The timing couldn’t be better for me to write this blog post, as I’ve just had a negative experience trying to buy a new exercise bike online this week.
You’ll notice I said ‘trying’, as I’ve already picked out the one I want but it’s been two days now and I’m still waiting for a proper answer from the store!
It’s frustrating as online shopping is meant to be instant, convenient and fun. That exercise bike has just turned into the proverbial sandcastle: incredibly beautiful when it’s built but just one little mistake washed it all away.
If you don’t convert visitors into customers, you’re losing sales!

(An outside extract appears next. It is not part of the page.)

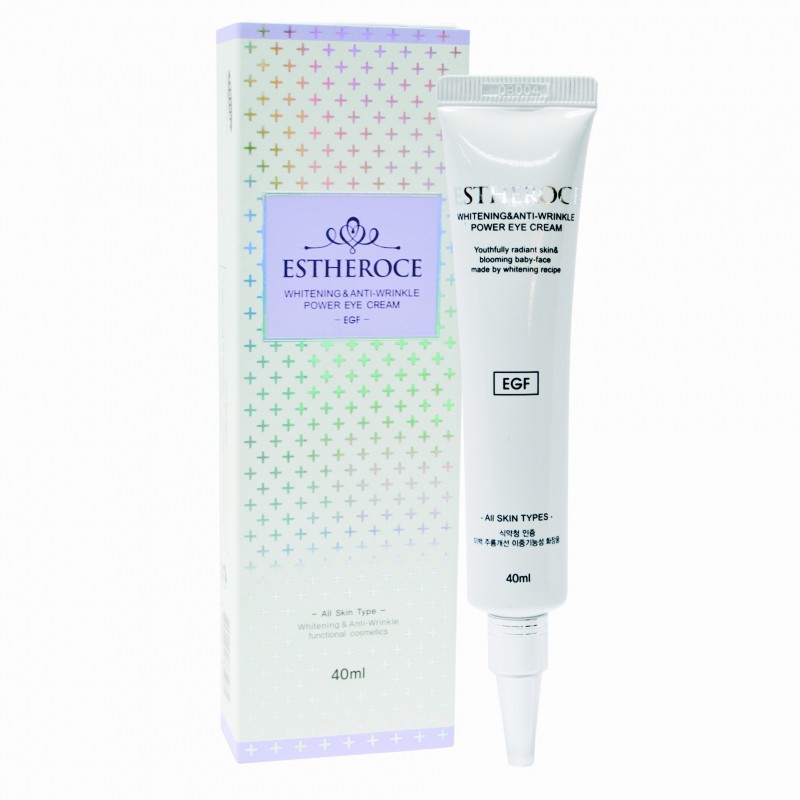 Whitening & Anti-wrinkle Power Eye cream (крем для век) 40 гр 535руб.jpg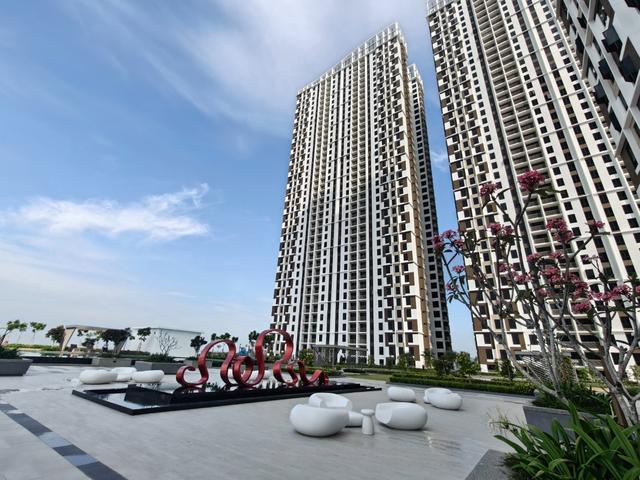 Apartment for sale in Batu Kawan, Seberang Perai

It’s the smart business owner that knows a successful website goes hand in hand with conversion rates. Sales are essential to maintain your business, and to sell your products and/or services you need a website that is optimised to convert — otherwise it’s just a pretty online brochure.
We all get overwhelmed sometimes by the sheer amount of work we have to do to be successful, but let’s take a moment to break it down into bite-size pieces so you can better understand how to convert visitors into customers.
1. Focus on benefits, not features
Caring about features comes secondary to your potential buyers. Quite logically, your customer doesn’t place the most importance on the whiz-bang features of your product; they care about the benefits.
How is the product going to benefit them, make their life easier, help them achieve their goal? Describe exactly what problems your product solves, and you’ll routinely convert more sales than if you waffled on only about features.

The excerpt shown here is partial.